SAINT PELAGIA OF TARSUS

On May 17 (4), the Church celebrates the memory of Saint Pelagia of Tarsus. The saint is one of three saints of the same name, highly revered by the Ancient Church.

According to life, Pelagia was a virgin dedicated to God. In accordance with the Orthodox Christian tradition of that time, she had not yet been baptized. She came to faith in Christ through the gospel of Christian preachers. The birthplace of the Apostle Paul, the city of Tarsus was originally a place of evangelism. This was the era of Diocletian’s persecution (303–313). The circumstances of her suffering were very dramatic.

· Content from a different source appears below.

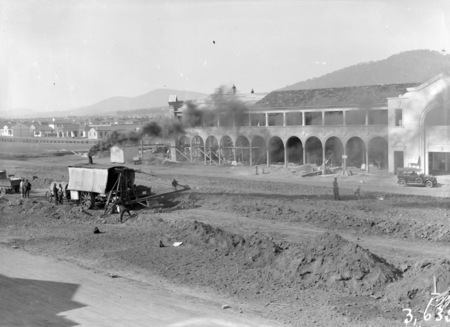 Part of Sydney Building Civic Centre under construction, from Melbourne Building showing Keystone steam shovel excavating Northbourne Avenue, left background is Canberra Times, Meyers Bakery, T.J.Sheeky, Cordial Factory in Mort Street, Ainslie.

When one of the ruler’s adopted sons fell in love with Pelagia and proposed to her, the maiden, due to her dedication, refused him. Marriage according to Roman law reproduced the logic of adoption. Therefore, having become the wife of a pagan, the virgin would recognize the polytheist as her father. The disciples of Christ considered only God to be their father. This is the essence of Christian dogma. “I believe in the only God, that He is my Father,” says the Creed.

The young man, overcome by passion, committed suicide. Realizing imminent death for her faith, Pelagia called the local bishop. In a vision, the Lord sent her reinforcements, indicating that in the Kingdom she would be awarded three crowns, for faith, purity and martyrdom.

She left her former rich clothes so that the proceeds from their sale would be distributed to help the poor. The ancient Church and its members tried to do charity without limit. According to the Book of Acts: “The multitude of those who believed had one heart and one soul: and no one called anything of his possessions his own, but they had everything in common” (Acts 4:32). As a sign of her future suffering, the martyr, in the image of the Church of the Chosen of the Apocalypse, remained in the white robes of baptism. “They who came out of the great tribulation washed their robes and made them white in the blood of the Lamb” (cf. Rev. 7:14). This is how Pelagia was immersed three times in the font of holy baptism.

The circumstances of the death of the holy martyr were accompanied by extreme loneliness. In the likeness of the Lord Jesus, Whom the disciples abandoned at the moment of suffering (cf. Matt. 26:56), Pelagia’s mother first persuaded her to marry a pagan, and then, having learned that a relative of the ruler committed suicide because of her daughter’s refusal , she herself handed her over to the pagans. Thus, the words of the Lord were literally fulfilled: “A man’s enemies are his own household” (cf. Matt. 10:36). According to the life, Pelagia was killed by being placed in a red-hot copper bull. The pagans of that time used such an idol for exorcism rituals.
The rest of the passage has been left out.